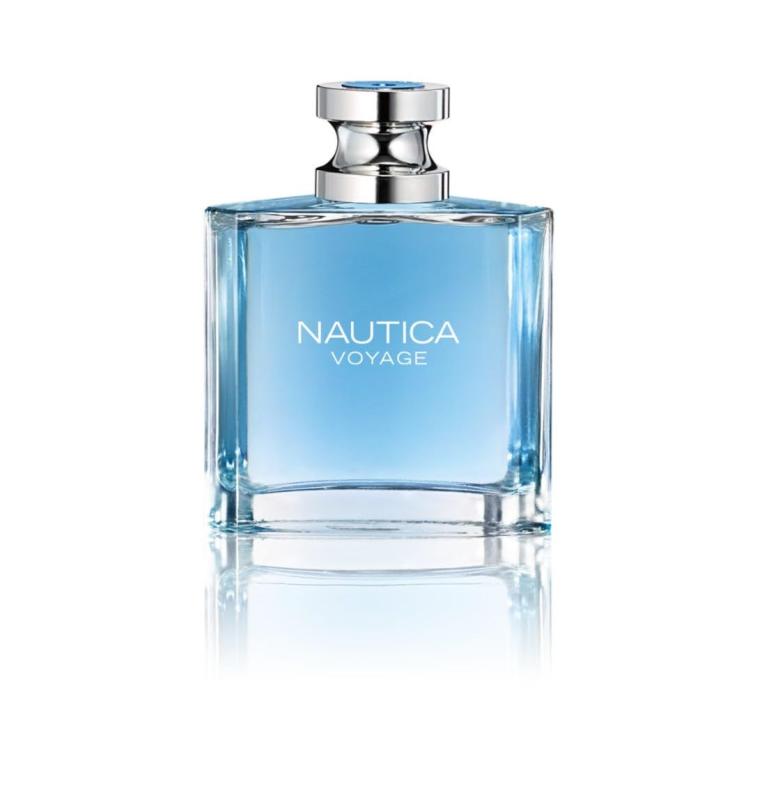 Nautica Voyage Eau De Toilette 100ml pre mužov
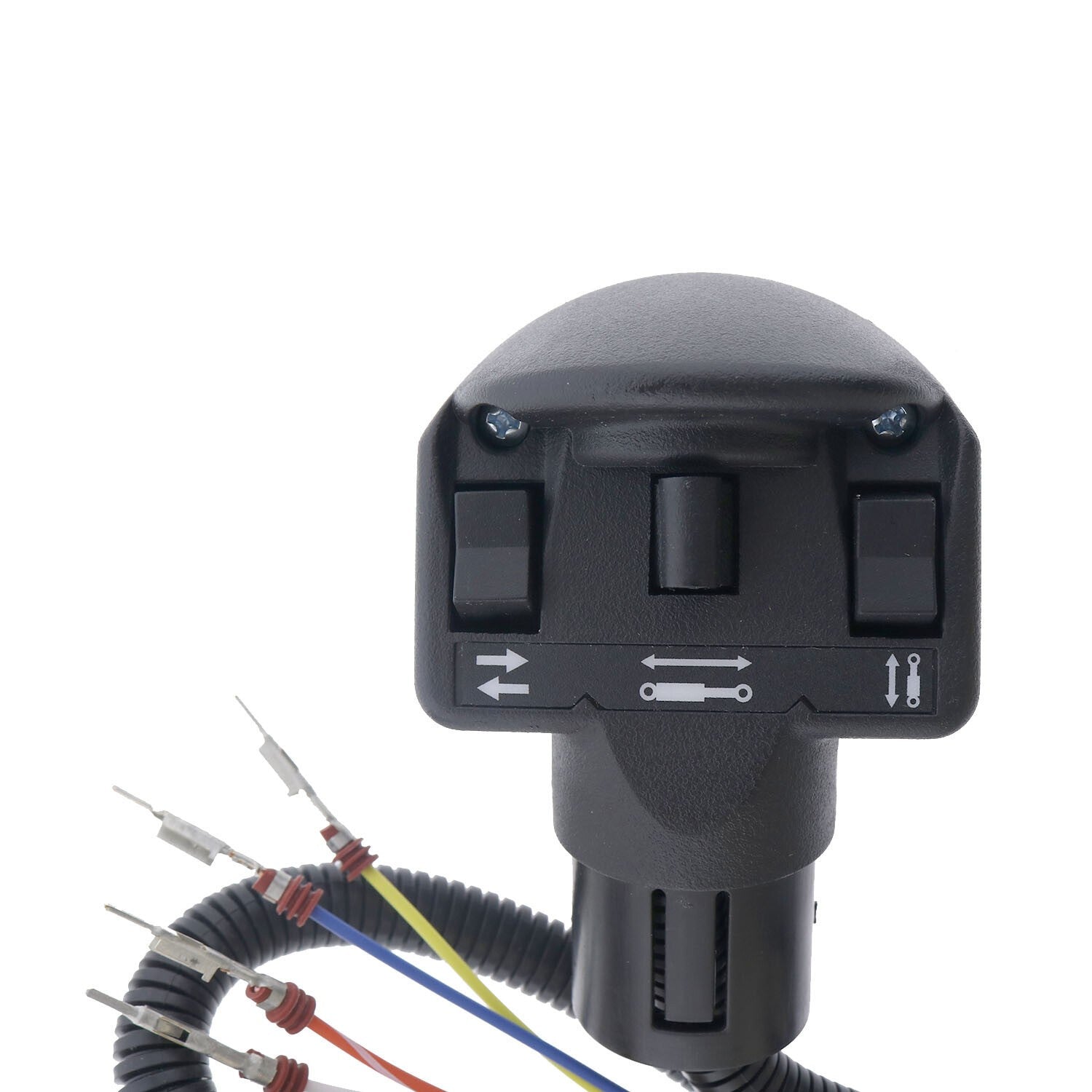 Left Auxiliary Four Switch Handle 6680419 for Bobcat 751 753 763 773 863 873 883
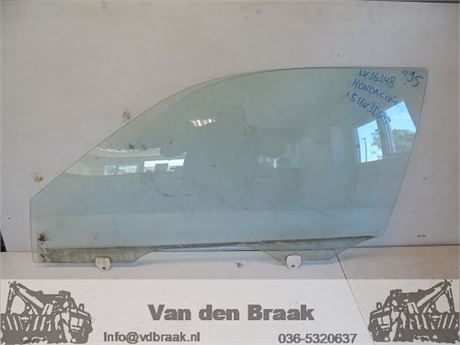 Honda Civic 3 deurs 1995-2001 Portierraam links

__________

TASK OBJECTIVE:
In the answer, all of the material should appear exactly as given, with no picture carried over.

WRITTEN RESPONSE:
 Nautica Voyage Eau De Toilette 100ml pre mužov
 Left Auxiliary Four Switch Handle 6680419 for Bobcat 751 753 763 773 863 873 883
 Honda Civic 3 deurs 1995-2001 Portierraam links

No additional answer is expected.